Web Access#

Today’s primary source of data is the world wide web. In the simplest case we may download a data set as one single file. Many data providers instead offer an API (application programming interface) for accessing and downloading data. The worst case is if we have to scrape data from a website’s HTML and other files.

Server, Client, Browser#

Websites and other web services are hosted on a server somewhere in the world. If we type an URL (web address) into a browser’s address bar, the browser connects to the corresponding server and asks him to send the desired file to the user’s computer. This process is referred to as requesting a file or sending a request. Our computer is the client, asking the server for some service (send a file). It’s important to understand that we cannot simply collect a file from a remote server. We only may send a request to the server to send a file to us. The server may fulfill our request or send an error message or do not answer the request at all.
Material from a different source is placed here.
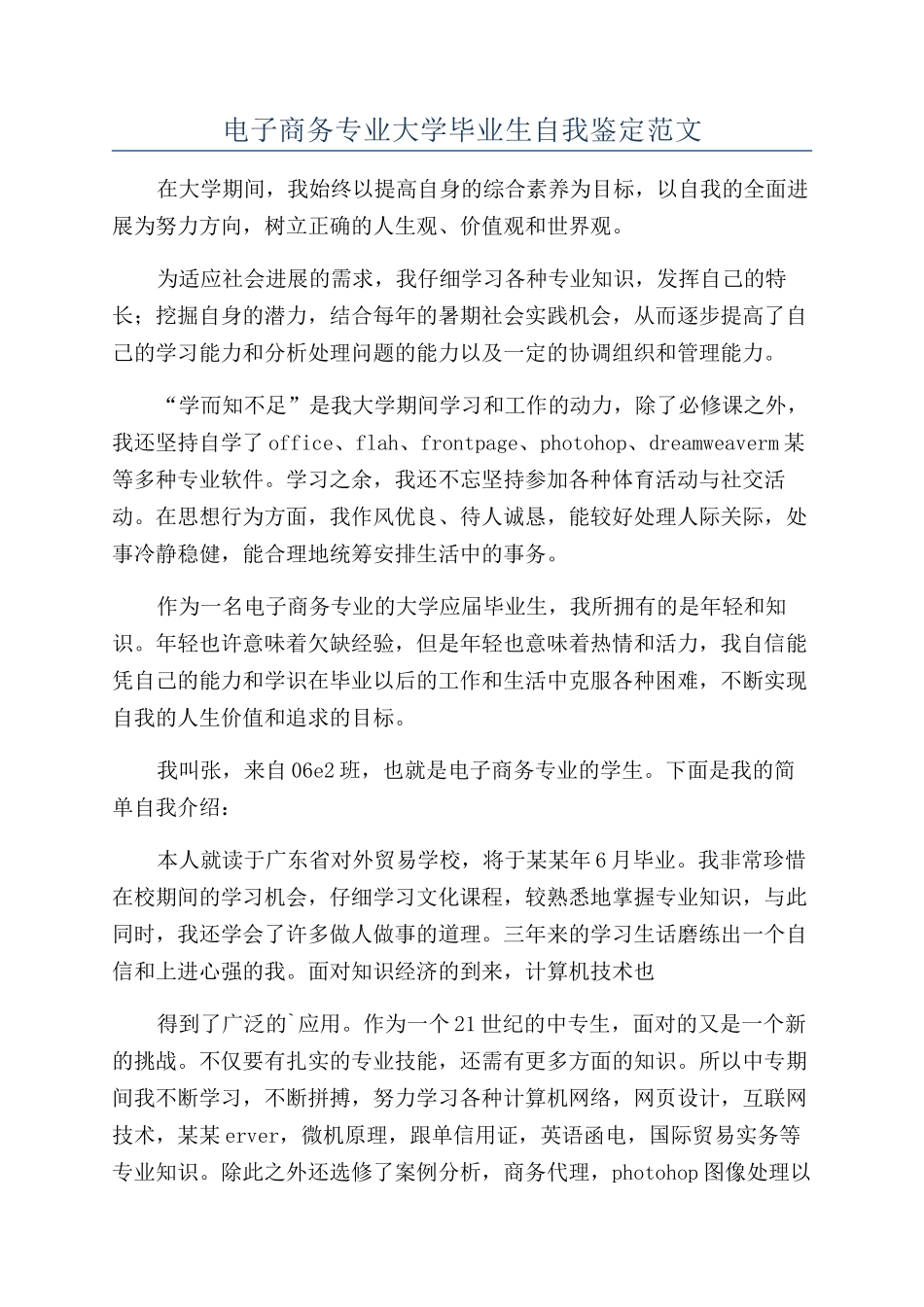 电子商务专业大学毕业生自我鉴定范文_第1页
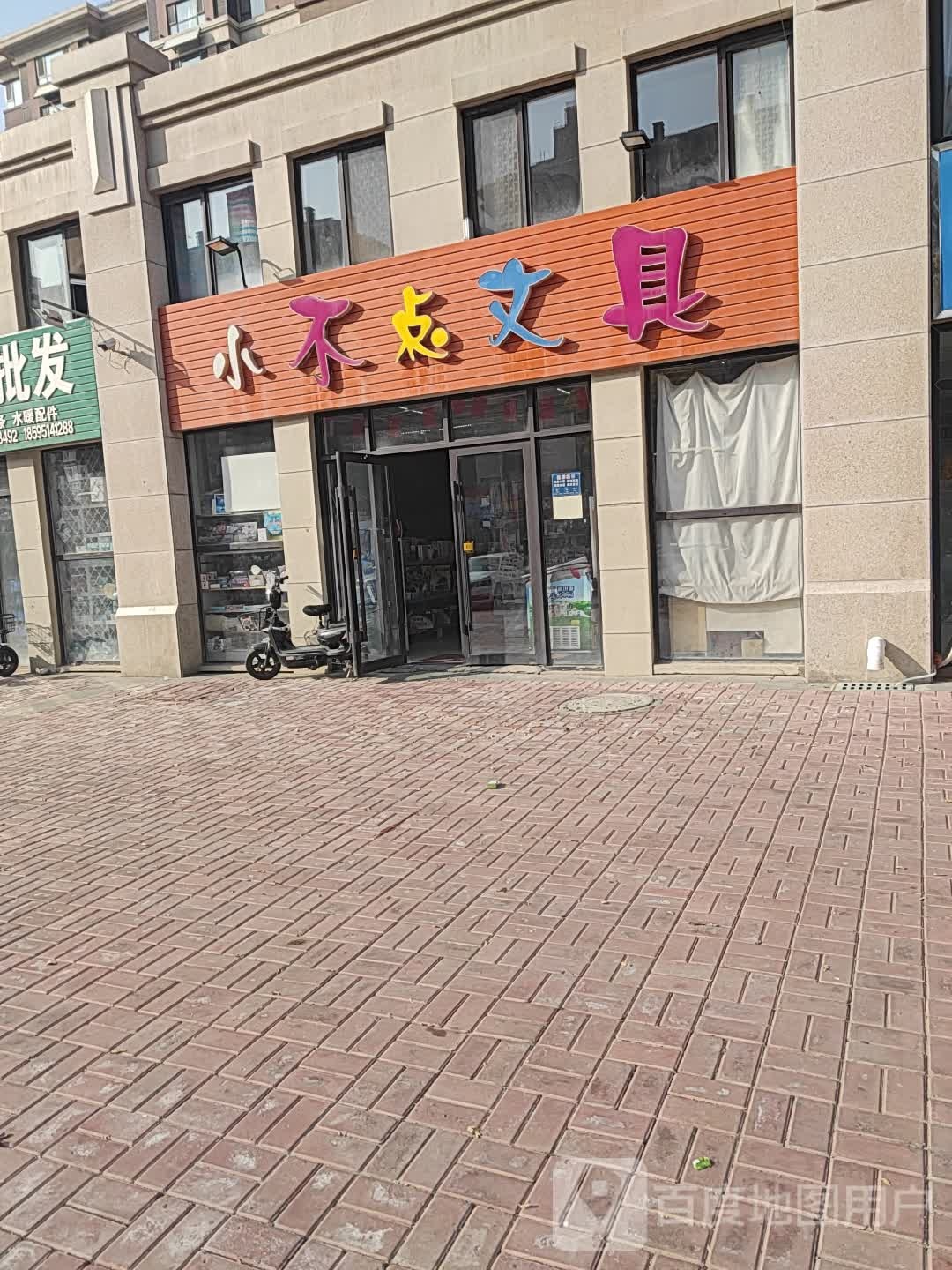 小不点文具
The technology behind is much more involved than one might think: How to find the correct server? Which language to speak with the server? What to do if the server does not answer the request? And so on. If you are interested in some background details, use DNS and HTTP as entry points.

The Python interpreter may take the role of the browser and request files from servers.

Downloading Files with Python#

To download a webpage or some other file from the the web we may use the requests module from the Python standard library.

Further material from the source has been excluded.